Ocean conditions are another factor worrying Mr. Ettlinger. “For a little fish, the key is to hit the ocean and grow fast before getting eaten, which requires getting to the ocean when plankton production is peaking. Was it a poor year for plankton, or were our fish somehow out of sync with the plankton bloom?” he asked in a recent press release. 

Dr. William Sydeman, the president and senior scientist of the Farallon Institute, said krill populations were indeed low in 2018 when these fish would have been relying on them for sustenance. The institute, which has tracked krill since 2000, doesn’t yet have the data for last year. 

What impact does a bad year have on the species? Mr. Ettlinger said it may not be cause for too much concern; the species is still reproducing in the creek and next year’s spawning generation could have more success. Last year was a banner year, with the largest run in 12 years.

Preston Brown, the conservation director for the Salmon Protection and Watershed Network, said it was important to look at overall trends. 

“Every year, we go through the same motion: we look at the past few years. How did this year compare with last year? This year kind of took a lot of people by surprise because these numbers are so low, but we need to look at all the data. The overall trend is that populations are increasingly declining. We may have bumps along the way, but let’s keep this broad picture in mind: the trend is downward.”  

Coho numbers dropped by 70 percent in California between the 1960s and 2002, when the species was designated endangered north of San Francisco. The federal coho recovery plan states that the population must maintain a spawning population of 2,600 fish over a 10-year period to be moved from its endangered status to threatened.

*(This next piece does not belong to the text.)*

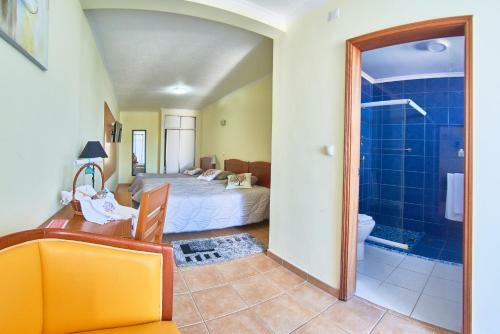 Hostal Alojamento Bela Vista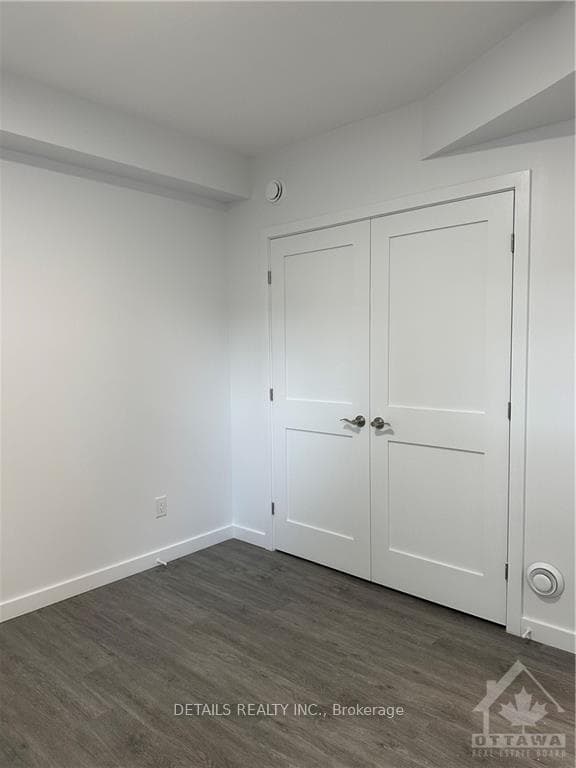 842 DUNDEE Avenue Unit B photo 16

Mr. Brown said that over the past two decades of monitoring in the Lagunitas watershed, there have been an average of 500 adult fish and 250 redds per season—a far cry from the target numbers. 

The watershed, which hosts the southernmost population of coho in the state, is considered vital to the restoration of the species. Accordingly, SPAWN, the National Park Service, the water district and other agencies have undertaken numerous projects over the past two decades.  

Most recently, SPAWN completed a $3 million restoration in the ghost towns of Tocaloma and Jewell, included lifting 13,000 cubic yards of fill out of the creek to create floodplain. The group removed retaining walls, created side channels and installed woody debris.

The group is now in the final stages of permitting a pair of restoration projects on the former San Geronimo Golf Course property that will repair a fish ladder and make improvements upstream on San Geronimo Creek. Mr. Brown said he hopes the group will begin the projects by summer.